▶
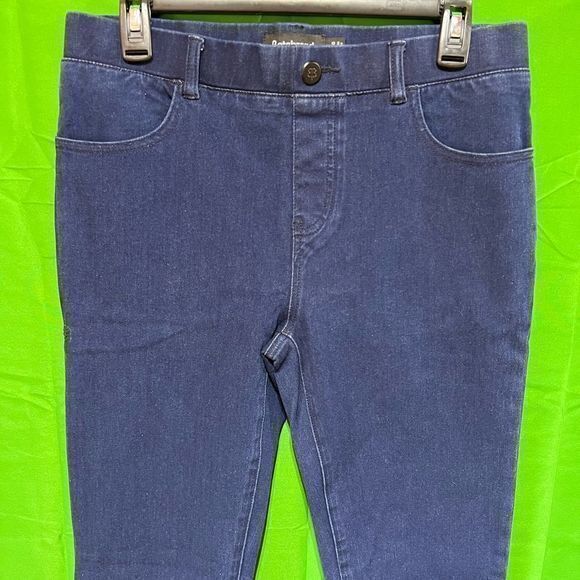 Betabrand Yoga Denim Classic Pull On Skinny Leg Jeans Dark Wash Medium Long - Picture 4 of 11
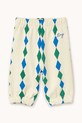 Tinycottons spodnie dresowe bawełniane dziecięce DIAMONDS BABY SWEATPANT wzorzyste beżowy SS26.146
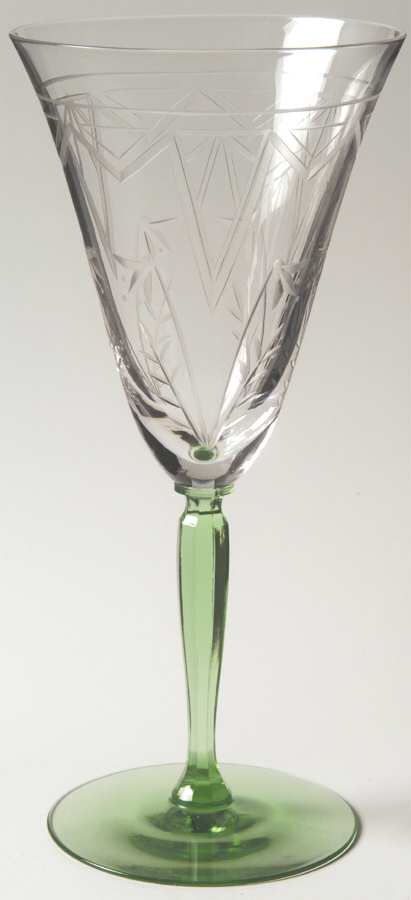 Deauville Green Water Goblet by Community-1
◀
◆ Description of the task: For this exercise, repeat word for word only the lines from the one containing "Tinycottons spodnie dresowe" through the end of the data, including both. Pictures do not go in the copy.

◆ Solved problem:
 Tinycottons spodnie dresowe bawełniane dziecięce DIAMONDS BABY SWEATPANT wzorzyste beżowy SS26.146
 Deauville Green Water Goblet by Community-1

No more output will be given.